## Supplied information
::::::
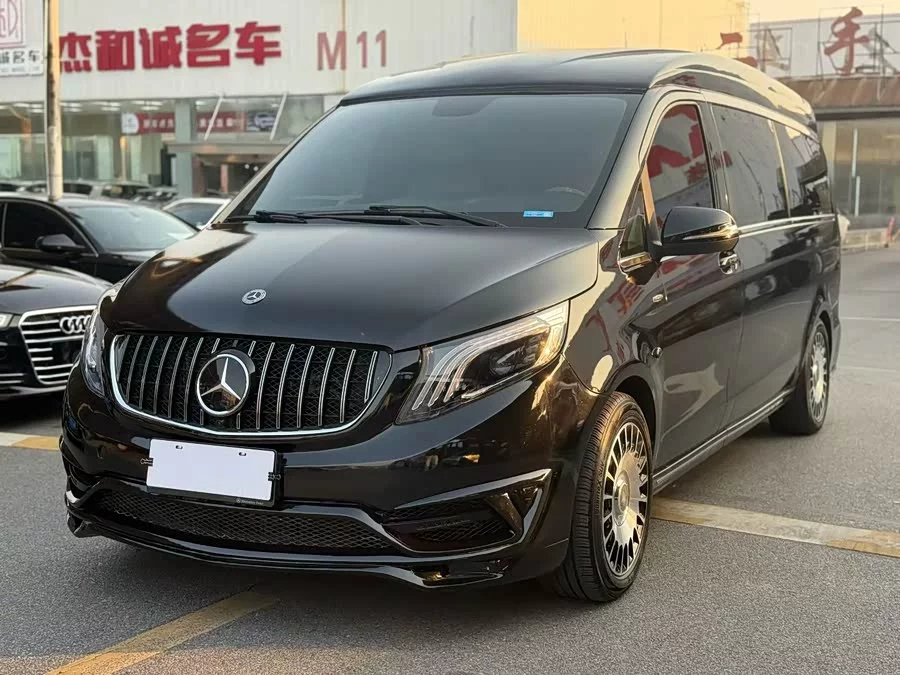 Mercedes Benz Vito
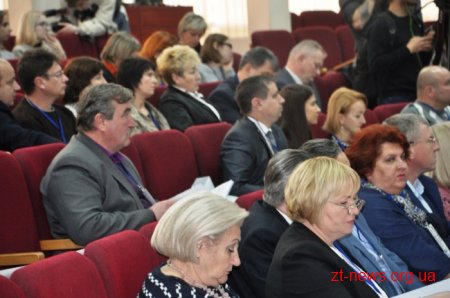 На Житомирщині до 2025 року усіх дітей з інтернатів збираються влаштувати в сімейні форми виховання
::::::
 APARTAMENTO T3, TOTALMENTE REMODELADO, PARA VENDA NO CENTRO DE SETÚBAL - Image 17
::::::
## Task instructions
Transcribe the lines above exactly, beginning at the one with "Mercedes Benz Vito" and ending at the one with "На Житомирщині до". Include both; exclude the pictures.

## Response below
 Mercedes Benz Vito
 На Житомирщині до 2025 року усіх дітей з інтернатів збираються влаштувати в сімейні форми виховання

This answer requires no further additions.